Listed entries:
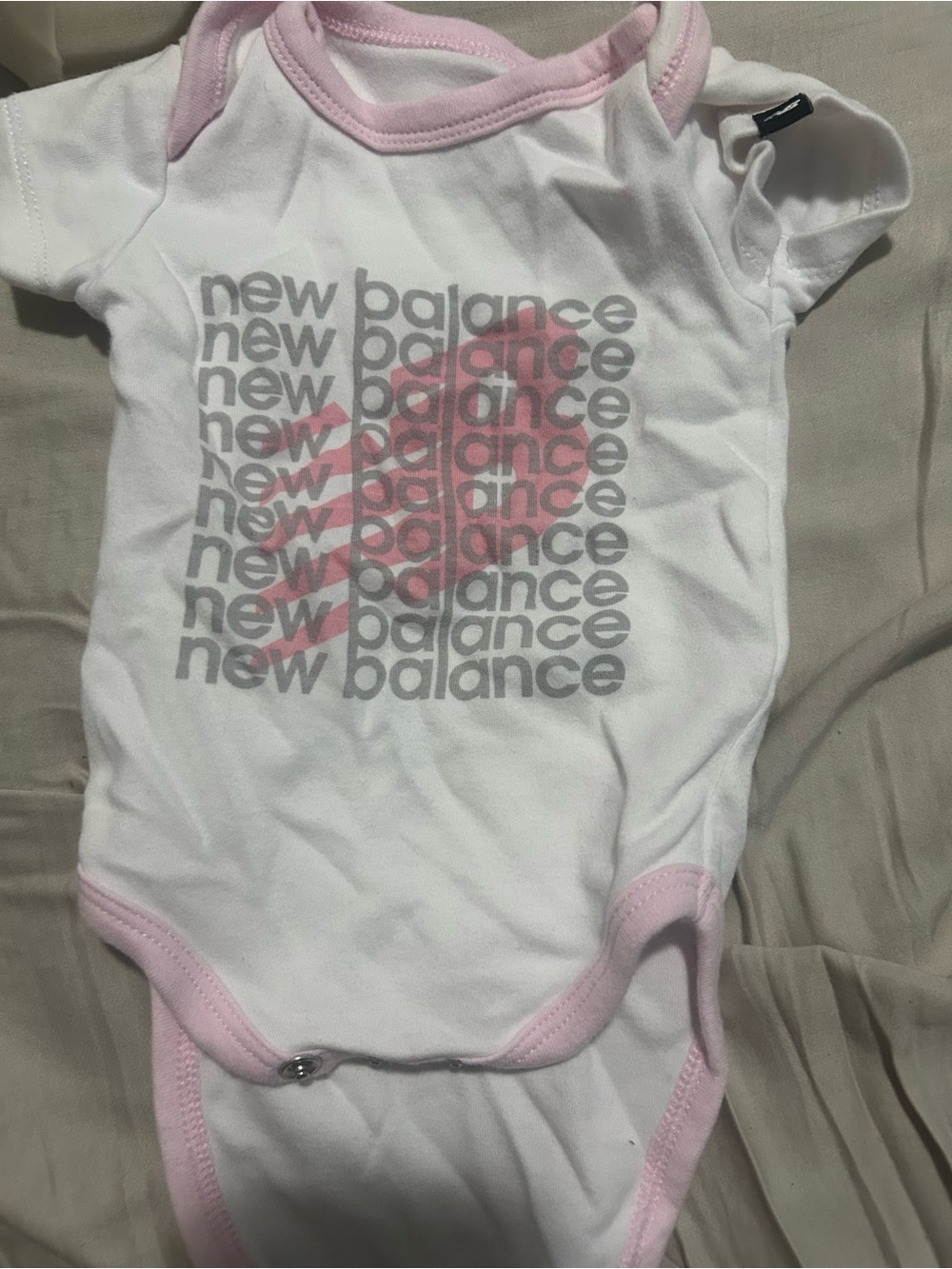 New Balance White One-Piece with Pink Trim & Gray Logo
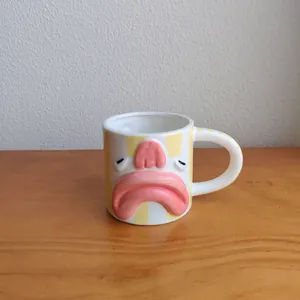 Creative blobfish face ceramic coffee mug with yellow stripes on a wooden desk surface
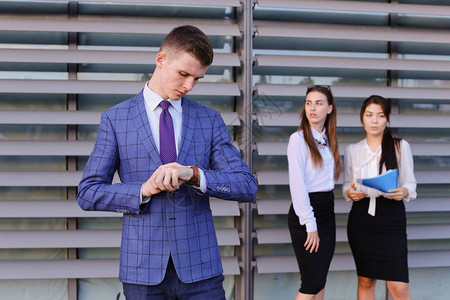 英俊自信的年轻男商人办公室工作人员学生在前置摄像头前摆姿势看手表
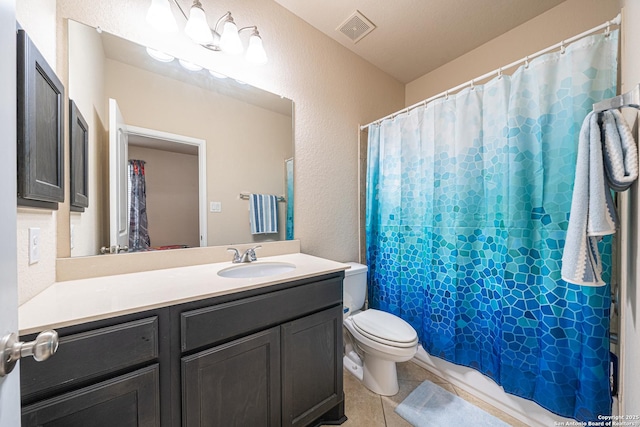 bathroom featuring a shower with curtain, visible vents, tile patterned floors, vanity, and toilet
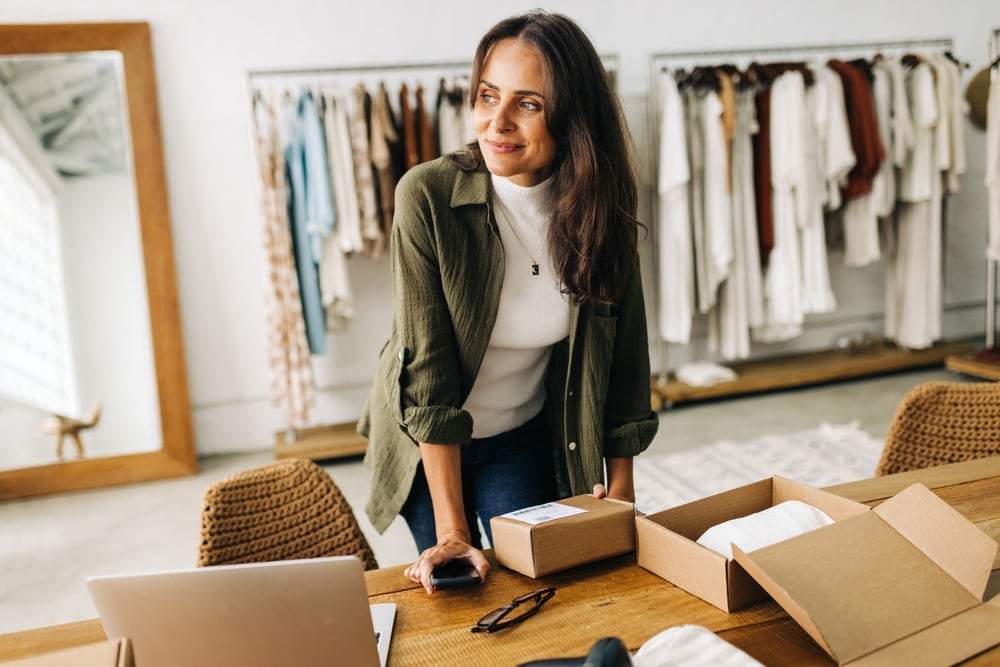 Woman boutique store owner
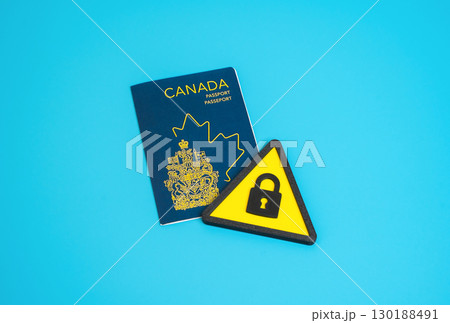 Canadian citizen passport and symbol of restriction. Restrictions on rights and freedoms to leave the country. Barriers to obtaining Canadian citizenship, travel bans, immigration policy, visas 130188491
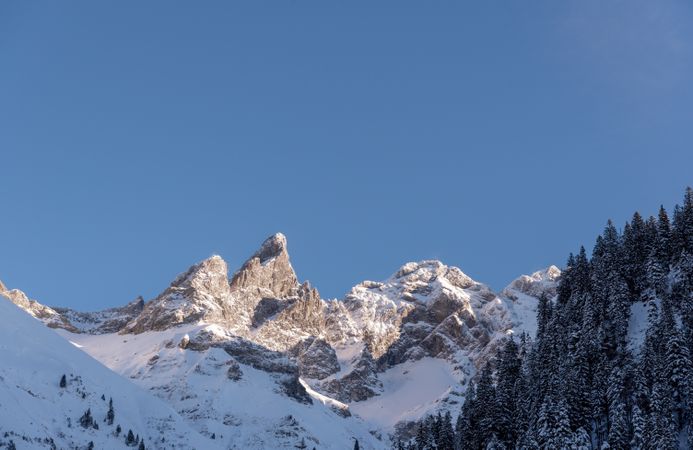 Snowy mountain peak close-up, on a December sunny day, in the Bavarian Alps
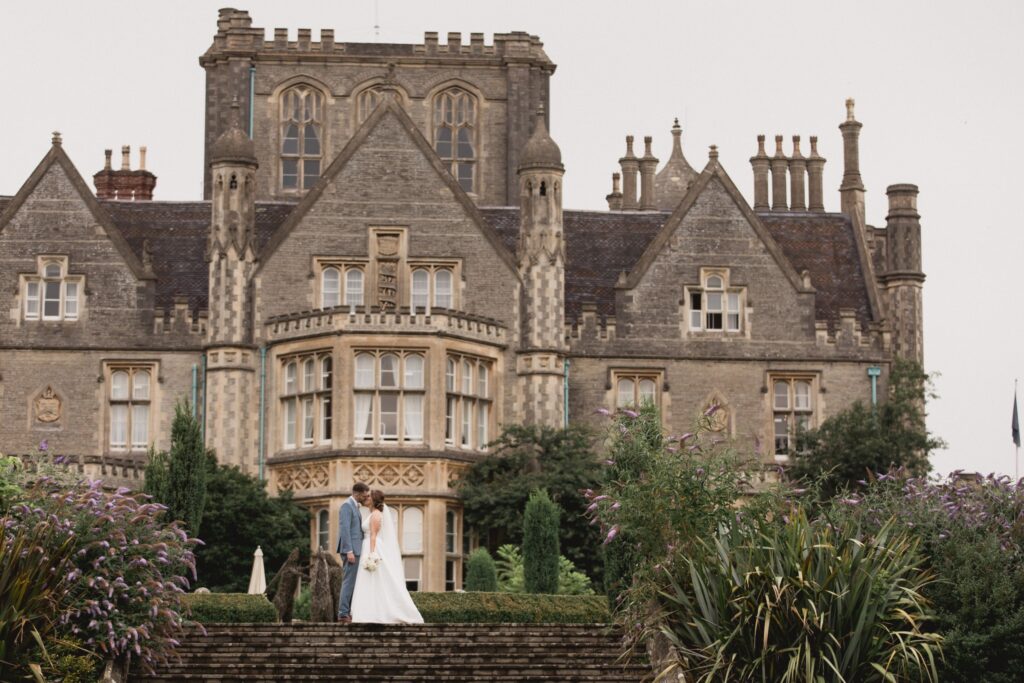 92 bride groom kiss de vere hotel garden steps wotton under edge oxford wedding photographers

What is required: Find the line containing "Snowy mountain peak" and copy it and each line after it through the end of the material, exactly, with no pictures.

Solution:
 Snowy mountain peak close-up, on a December sunny day, in the Bavarian Alps
 92 bride groom kiss de vere hotel garden steps wotton under edge oxford wedding photographers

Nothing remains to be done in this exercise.